The "aah" sound requires you to vibrate your vocal cords - apparently children average that sound for about 12 seconds and adults for 20.  Because I've got a gap between my vocal cords that the left cord is always straining to cross the laryngeal midline to try to close, much more air escapes when I make that sound than in someone who can properly bring both their vocal cords into apposition in the centre of the larynx.  Any alignment I do get is imperfect - since the right cord is a passive, paralysed object - it can't medialise or retract, it just hangs there - and it can't lengthen or shorten either, so it's kind of like having an out-of-tune string as well.

When I'm trying to hold the "aah" sound I also seem to need a lot of "push" to do it, and to stop the sound from breaking up at the end.  (This ties in with the general feeling that phonation used to just flow before the paralysis, while now it's taking a lot of effort and "push" - early on I used to say to people, "It feels like trying to speak underwater and it's a lot of effort.")

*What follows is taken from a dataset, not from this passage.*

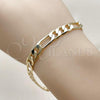 Oro Laminado Basic Bracelet, Gold Filled Style Figaro Design, Polished, Golden Finish, 5.222.012.08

When I'm going against a timer, I find that the more I can relax my speaking equipment while I make the sound, the longer I can hold it.

The "z" sound engages the larynx and is less passive than just the open vibration of "aah" - so I struggle to hold this one, and it kind of sounds silly, especially towards the end.


Physio for swallowing

Working with a semi-paralysed larynx is like working with a back injury - and I also happen to have one of these - a lumbar injury acquired at age 21.  This injury can be almost completely compensated for by strengthening the lumbar and core muscles - i.e. with regular Pilates - so that the ligaments I stretched in an accident - the ones that attach the spine to the pelvis - are backed up muscularly.  That way, the bones don't slip out of position and I don't get nerve pinching.

So here's a neat trick I had no idea about:  Poke your tongue out between your teeth, hold it there, and try to swallow.

It's harder to do that with your tongue partly extruded - which makes it a good exercise to strengthen the muscles at the base of your tongue, etc.  I've got to admit that I cheat by holding the tongue between my teeth so it doesn't retract when I swallow, but apparently that's OK.  The further you poke out your tongue, the harder it gets to swallow - and I can't do it with my tongue poked out as far as it will go, but neither can my therapist.

Do not do this on public transport or at work meetings.  :angel


Yawning, with a big sigh at the end

Apparently this is amazing for relaxing the larynx, and is being suggested as a strategy for countering laryngeal spasm.  Until now, when I got laryngeal spasm (either by using my voice too long or because of stress) I just used to shut up shop and stop speaking, and wait for a "reset" to happen - anywhere between a couple of minutes and several hours - drinking water could help - just as it does when my swallowing malfunctions, to get that to reset. (One of the really annoying things about this condition is that swallowing doesn't work properly when I'm horizontal, so I can choke on my own saliva when I'm sleeping.  Sometimes I just wake up with a frog in my throat and unable to swallow, and it's impossible to sleep like that, and has caused me to make so many middle-of-the-night cups of jasmine tea I've lost count.)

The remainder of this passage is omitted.